- WHAT YOU WILL DO
Starting at the line that holds "علماء الوراثة اقتربوا", transcribe every line to the end of the data exactly; include no other lines.

- PROVIDED MATERIAL
-*-*-

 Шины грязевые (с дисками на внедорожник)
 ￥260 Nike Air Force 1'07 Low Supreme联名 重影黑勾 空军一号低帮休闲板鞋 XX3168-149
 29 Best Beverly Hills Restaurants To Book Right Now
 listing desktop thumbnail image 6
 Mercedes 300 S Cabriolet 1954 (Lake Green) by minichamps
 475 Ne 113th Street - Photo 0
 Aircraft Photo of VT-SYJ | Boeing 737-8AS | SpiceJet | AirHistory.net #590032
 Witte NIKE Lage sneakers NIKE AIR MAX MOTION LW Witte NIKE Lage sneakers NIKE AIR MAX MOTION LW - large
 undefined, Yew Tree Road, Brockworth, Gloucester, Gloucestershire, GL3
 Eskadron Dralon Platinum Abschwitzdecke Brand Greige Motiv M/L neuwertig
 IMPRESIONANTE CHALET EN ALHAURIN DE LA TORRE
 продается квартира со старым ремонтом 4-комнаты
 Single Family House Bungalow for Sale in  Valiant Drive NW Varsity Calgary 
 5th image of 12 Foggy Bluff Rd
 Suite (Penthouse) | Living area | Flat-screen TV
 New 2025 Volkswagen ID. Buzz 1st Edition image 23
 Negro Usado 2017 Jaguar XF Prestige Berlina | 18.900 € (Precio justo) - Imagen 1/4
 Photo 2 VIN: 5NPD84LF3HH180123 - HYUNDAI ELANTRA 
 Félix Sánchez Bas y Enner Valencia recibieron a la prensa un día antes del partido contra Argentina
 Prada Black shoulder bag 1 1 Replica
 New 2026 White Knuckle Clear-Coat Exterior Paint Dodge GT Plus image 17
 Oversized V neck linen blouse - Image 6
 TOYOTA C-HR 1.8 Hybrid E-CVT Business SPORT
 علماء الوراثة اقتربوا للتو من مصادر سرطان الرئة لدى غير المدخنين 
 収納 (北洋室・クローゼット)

-*-*-

- SOLUTION FOR THIS TASK
 علماء الوراثة اقتربوا للتو من مصادر سرطان الرئة لدى غير المدخنين 
 収納 (北洋室・クローゼット)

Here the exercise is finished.